Captioned web images
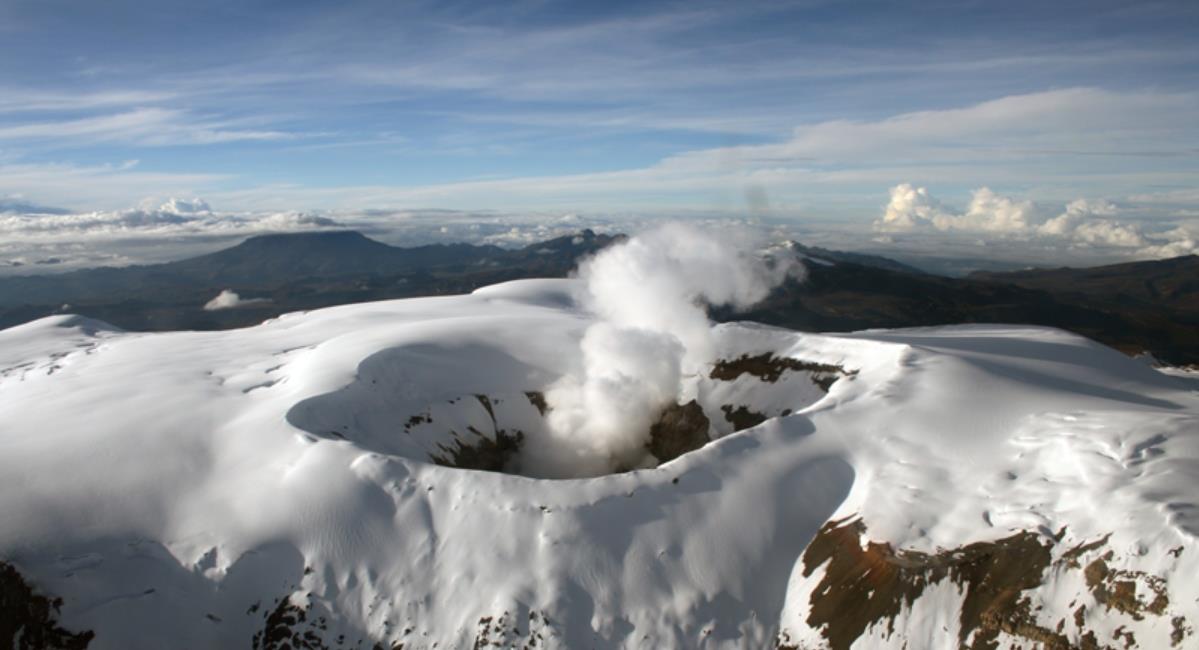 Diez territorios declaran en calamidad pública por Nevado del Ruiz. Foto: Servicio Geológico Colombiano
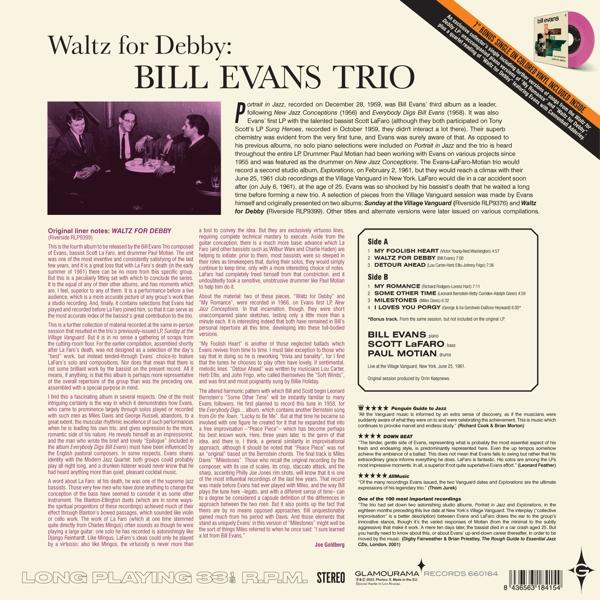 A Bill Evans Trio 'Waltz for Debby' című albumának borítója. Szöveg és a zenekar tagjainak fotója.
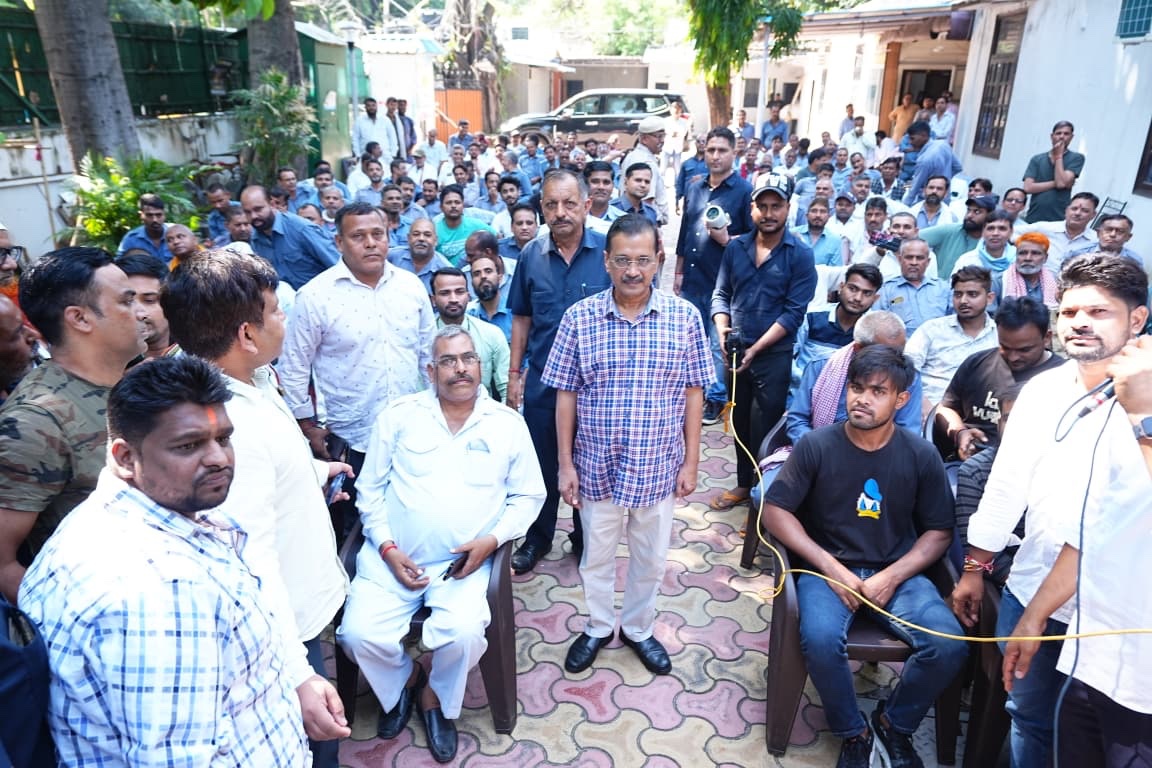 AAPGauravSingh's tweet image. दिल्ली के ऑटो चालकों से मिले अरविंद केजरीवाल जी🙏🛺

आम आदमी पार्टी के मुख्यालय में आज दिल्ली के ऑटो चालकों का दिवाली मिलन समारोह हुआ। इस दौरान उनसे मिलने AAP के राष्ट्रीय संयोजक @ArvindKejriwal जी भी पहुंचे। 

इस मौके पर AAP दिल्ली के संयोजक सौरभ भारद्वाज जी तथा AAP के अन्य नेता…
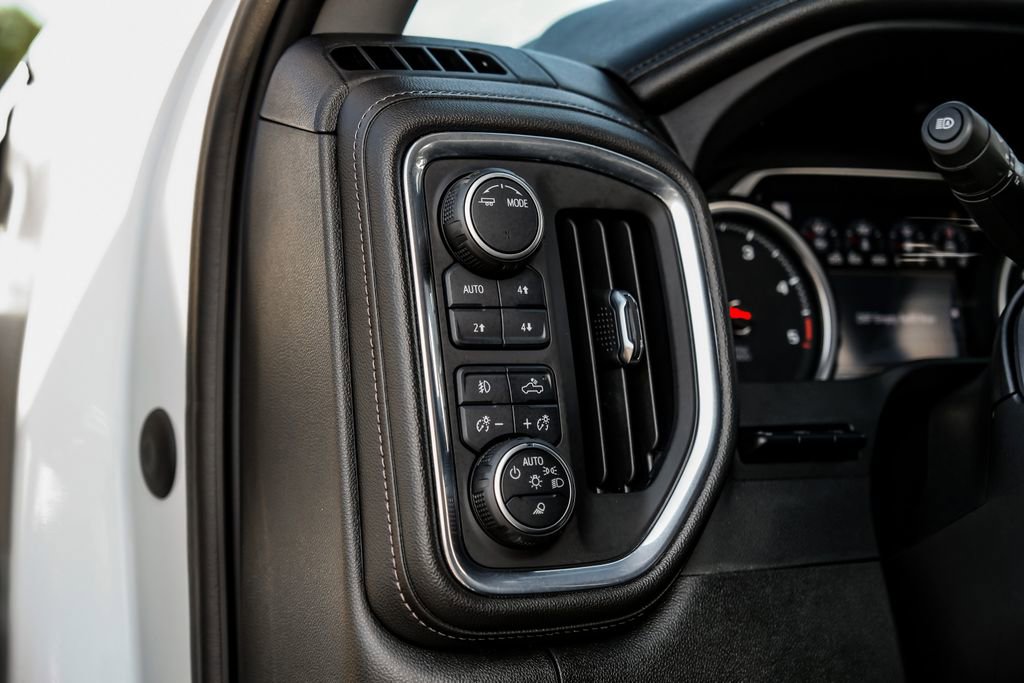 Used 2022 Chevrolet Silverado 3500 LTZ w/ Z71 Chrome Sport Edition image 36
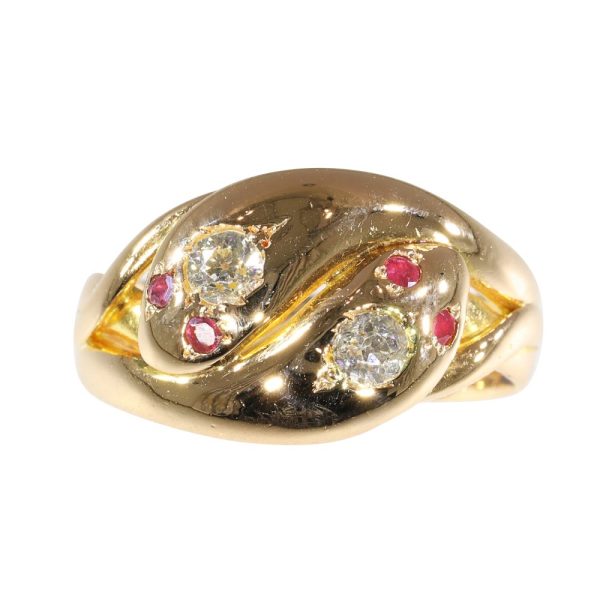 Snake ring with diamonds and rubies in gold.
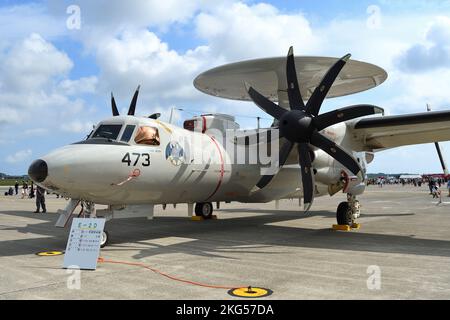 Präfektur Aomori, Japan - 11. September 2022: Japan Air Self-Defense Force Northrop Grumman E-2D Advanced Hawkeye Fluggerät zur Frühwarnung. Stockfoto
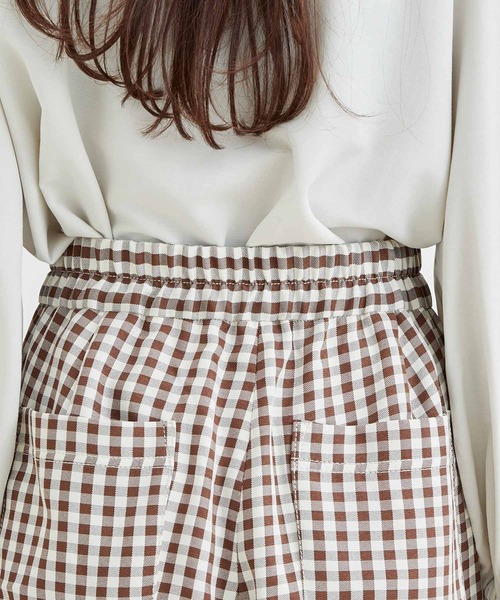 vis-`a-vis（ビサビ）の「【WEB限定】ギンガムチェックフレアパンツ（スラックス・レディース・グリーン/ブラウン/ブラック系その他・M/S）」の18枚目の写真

...

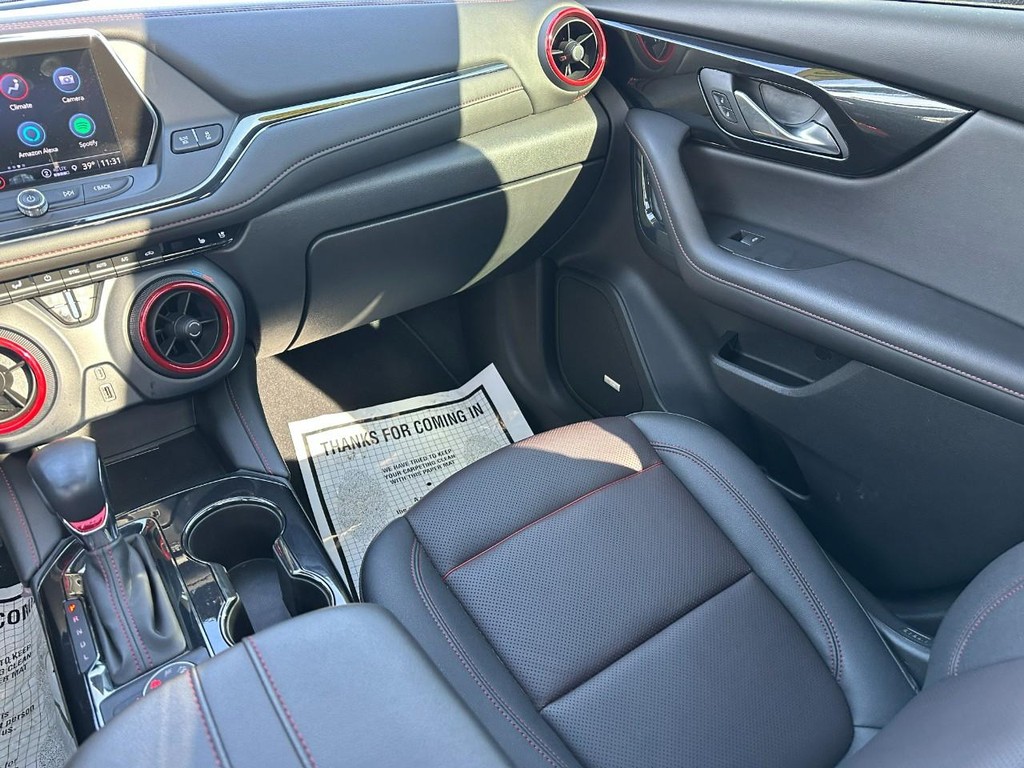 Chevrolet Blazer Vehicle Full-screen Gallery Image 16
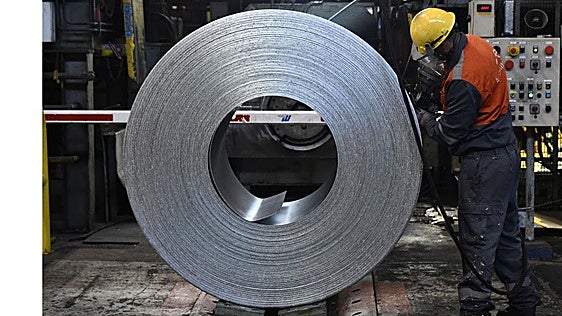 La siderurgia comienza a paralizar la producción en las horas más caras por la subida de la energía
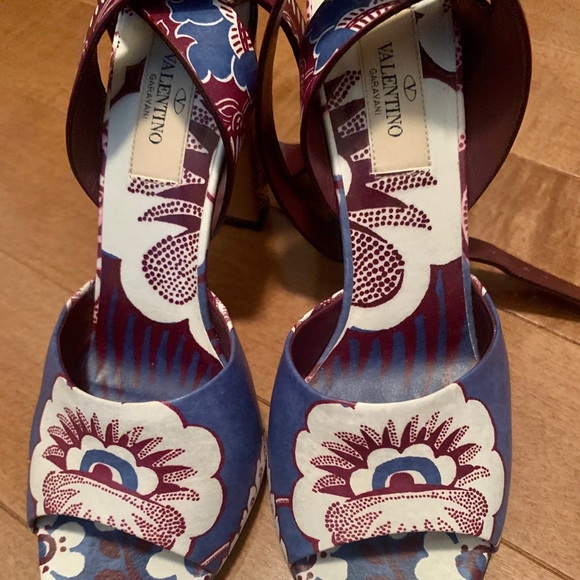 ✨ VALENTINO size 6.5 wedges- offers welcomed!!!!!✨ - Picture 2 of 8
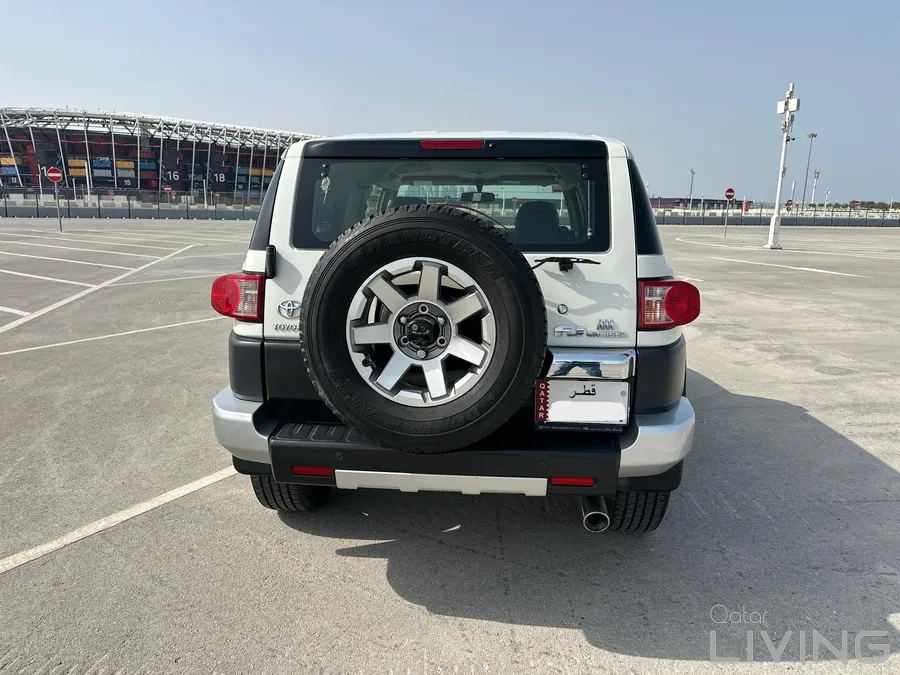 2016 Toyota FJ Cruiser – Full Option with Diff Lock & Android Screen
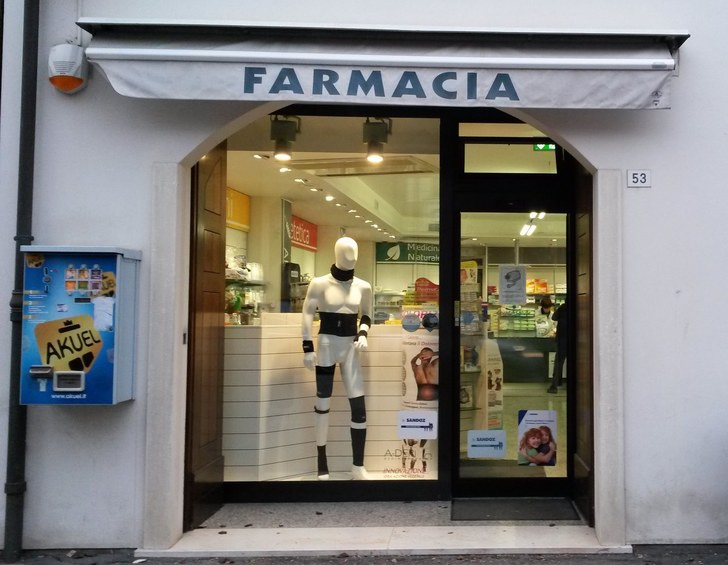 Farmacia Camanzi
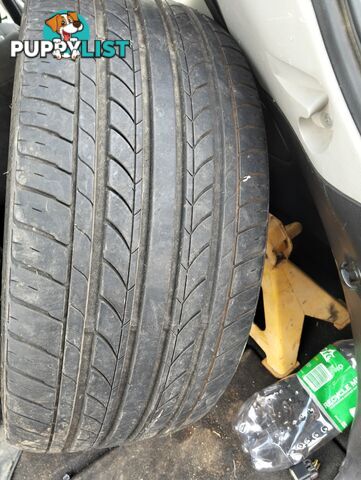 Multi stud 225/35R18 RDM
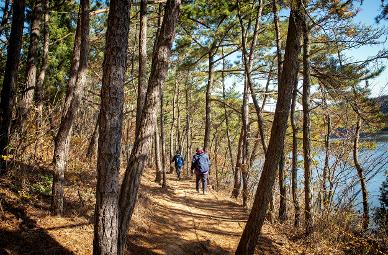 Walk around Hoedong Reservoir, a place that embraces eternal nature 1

_Directions_:
Make an exact copy of the lines above, beginning with the line with "Farmacia Camanzi" and ending with the line with "Walk around Hoedong", and keep the pictures out of it.

_Response to this task_:
 Farmacia Camanzi
 Multi stud 225/35R18 RDM
 Walk around Hoedong Reservoir, a place that embraces eternal nature 1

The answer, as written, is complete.